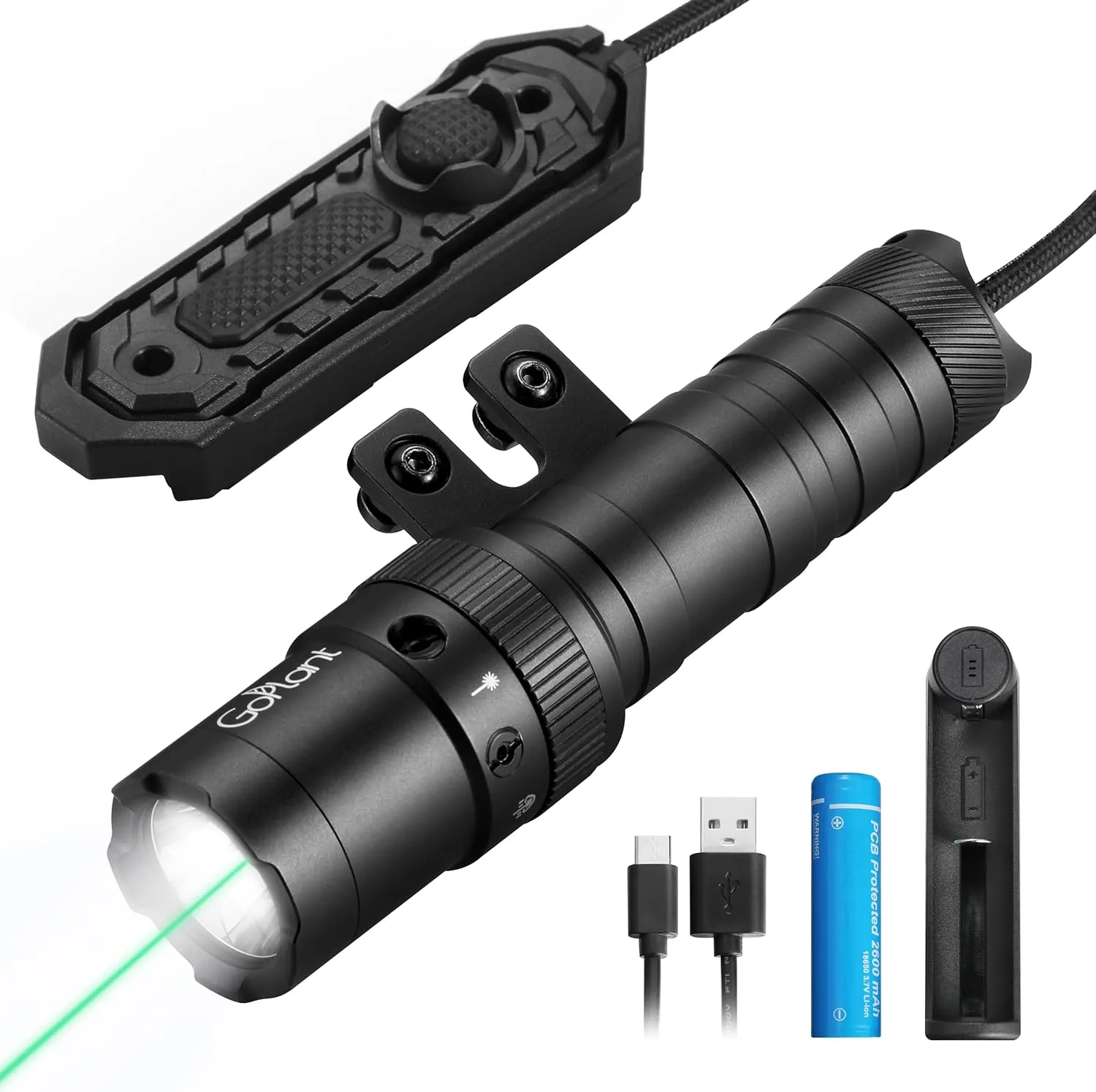 2500 Lumen Tactical Flashlight, Aircraft Aluminum LED Weapon Light, MLOK Laser Light for Rail Mount, Rifle Flashlight with Momentary Strobe Function, Long Gun Light with Remote Switch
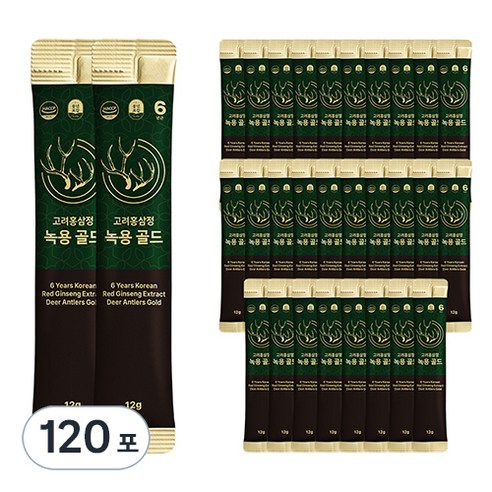 풍년보감 6년근 고려홍삼정 녹용 골드 벌크포장, 12g, 120개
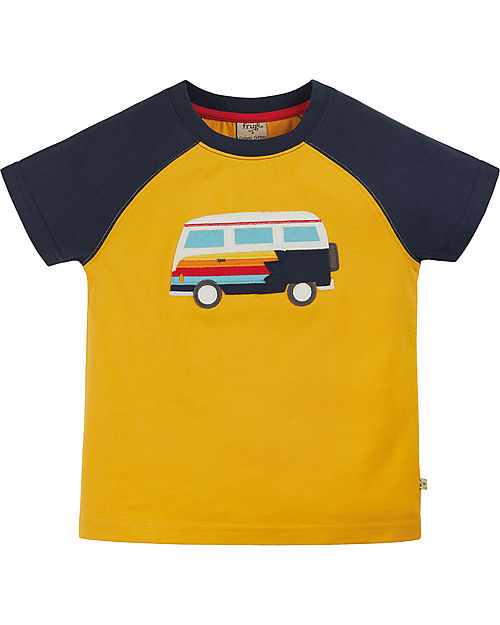 Frugi T-shirt Bimbo Rafe Raglan - Bumblebee/Camper - 100% Cotone Bio GOTS T-shirt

==================================================

All of the material above must be retyped exactly, line for line, with the images dropped.

 2500 Lumen Tactical Flashlight, Aircraft Aluminum LED Weapon Light, MLOK Laser Light for Rail Mount, Rifle Flashlight with Momentary Strobe Function, Long Gun Light with Remote Switch
 풍년보감 6년근 고려홍삼정 녹용 골드 벌크포장, 12g, 120개
 Frugi T-shirt Bimbo Rafe Raglan - Bumblebee/Camper - 100% Cotone Bio GOTS T-shirt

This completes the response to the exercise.